An observation... this whole thread is about limits caused by type
safety. Interestingly, the other implementation of map-reduce does
not support types at all. Everything is a string.
So I agree that our departure from the paper is the problem. ;-)
I'm comfortable letting this lie for a while. But I predict we've
not heard the last of it.
On Apr 2, 2006, at 10:29 PM, Doug Cutting wrote:
Runping Qi wrote:
The argument of using local combiners is interesting. To me,
combiner class
is just another layer of transformer. It does not mean that the
combiner
class has to be the same as the reducer class. The only criteria
is that
they meet the associate rule: Let L1, L2, ..., Ln and K1,
K2, .., Km be two partitions of S, then Reduce(list(Combiner(L1),
Combiner(L2),..., Combiner(Ln))) and Reduce(list(Combiner(K1),
Combiner(K2), ..., Combiner(Km)) are the
same.
A special (maybe very common) scenario is that combiner and
reducer are the
same class and reduce function is associate.

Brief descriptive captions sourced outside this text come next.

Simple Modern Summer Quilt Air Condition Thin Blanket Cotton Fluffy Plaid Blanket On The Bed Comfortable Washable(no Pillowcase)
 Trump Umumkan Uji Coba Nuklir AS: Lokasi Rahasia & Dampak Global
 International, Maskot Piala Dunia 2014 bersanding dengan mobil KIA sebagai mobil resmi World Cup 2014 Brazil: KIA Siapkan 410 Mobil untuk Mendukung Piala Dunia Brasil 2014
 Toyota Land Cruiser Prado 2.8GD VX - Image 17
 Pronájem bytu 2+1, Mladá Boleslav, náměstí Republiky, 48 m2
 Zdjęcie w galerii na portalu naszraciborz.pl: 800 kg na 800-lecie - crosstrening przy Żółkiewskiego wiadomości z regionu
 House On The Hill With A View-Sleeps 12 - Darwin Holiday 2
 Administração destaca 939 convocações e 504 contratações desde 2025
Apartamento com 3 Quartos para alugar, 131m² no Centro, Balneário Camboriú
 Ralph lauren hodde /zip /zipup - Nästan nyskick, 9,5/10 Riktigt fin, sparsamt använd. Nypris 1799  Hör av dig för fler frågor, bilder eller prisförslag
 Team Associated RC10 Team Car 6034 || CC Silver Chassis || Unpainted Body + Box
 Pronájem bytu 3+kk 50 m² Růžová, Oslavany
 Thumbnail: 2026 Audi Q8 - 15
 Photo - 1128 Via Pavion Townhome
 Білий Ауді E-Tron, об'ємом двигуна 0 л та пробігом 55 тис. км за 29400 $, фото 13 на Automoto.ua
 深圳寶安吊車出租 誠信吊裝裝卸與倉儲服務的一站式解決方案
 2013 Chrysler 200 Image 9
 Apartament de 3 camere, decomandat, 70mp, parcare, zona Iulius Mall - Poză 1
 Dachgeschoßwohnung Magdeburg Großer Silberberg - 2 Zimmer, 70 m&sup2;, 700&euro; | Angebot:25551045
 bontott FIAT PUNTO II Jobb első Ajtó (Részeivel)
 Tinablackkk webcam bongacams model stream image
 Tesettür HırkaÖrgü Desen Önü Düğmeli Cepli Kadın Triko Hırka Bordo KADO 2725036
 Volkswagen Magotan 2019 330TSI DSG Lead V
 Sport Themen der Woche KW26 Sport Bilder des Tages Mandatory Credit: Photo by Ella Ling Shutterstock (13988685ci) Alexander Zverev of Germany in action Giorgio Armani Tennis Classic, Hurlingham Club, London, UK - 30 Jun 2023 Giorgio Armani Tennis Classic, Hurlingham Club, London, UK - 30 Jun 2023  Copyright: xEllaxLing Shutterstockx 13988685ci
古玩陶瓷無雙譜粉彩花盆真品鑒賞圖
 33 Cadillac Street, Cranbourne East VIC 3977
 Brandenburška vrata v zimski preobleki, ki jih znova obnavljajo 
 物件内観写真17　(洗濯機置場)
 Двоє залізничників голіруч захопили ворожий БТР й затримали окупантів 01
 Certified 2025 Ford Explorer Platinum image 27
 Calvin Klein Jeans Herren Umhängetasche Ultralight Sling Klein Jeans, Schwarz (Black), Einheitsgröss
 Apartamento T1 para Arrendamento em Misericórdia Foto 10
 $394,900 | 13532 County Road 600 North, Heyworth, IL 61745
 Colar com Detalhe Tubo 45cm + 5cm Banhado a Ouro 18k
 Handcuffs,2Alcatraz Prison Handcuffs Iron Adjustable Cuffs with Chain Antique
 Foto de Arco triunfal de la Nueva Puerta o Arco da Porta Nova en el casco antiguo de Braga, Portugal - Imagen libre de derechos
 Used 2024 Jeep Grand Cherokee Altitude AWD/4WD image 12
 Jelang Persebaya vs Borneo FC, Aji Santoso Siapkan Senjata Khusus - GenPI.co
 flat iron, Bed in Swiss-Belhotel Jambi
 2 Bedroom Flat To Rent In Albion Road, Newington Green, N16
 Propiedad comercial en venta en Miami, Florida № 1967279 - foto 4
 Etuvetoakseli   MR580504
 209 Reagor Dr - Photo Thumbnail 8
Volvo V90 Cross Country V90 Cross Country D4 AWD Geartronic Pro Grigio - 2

However, this needs
not to be
the case in general. And the class of the reduce outputs need not
to be the
same as that of the combiner, if the combiner and the reducer are
not the
same class.
This indeed may be be an intriguing generalization of the MapReduce
model. But it does add more possible failure modes. At present we
have far too few unit tests for the existing, simpler MapReduce
model, and the platform is still shakey. Thus I am reluctant to
spend a lot of extending the model in ways that are not absolutely
essential.
My goal is for Hadoop to be widely used. I do not feel that the
power of the MapReduce model is currently a primary bottleneck to
wider adoption. The larger issues we face are performance,
reliability, scalability and documentation.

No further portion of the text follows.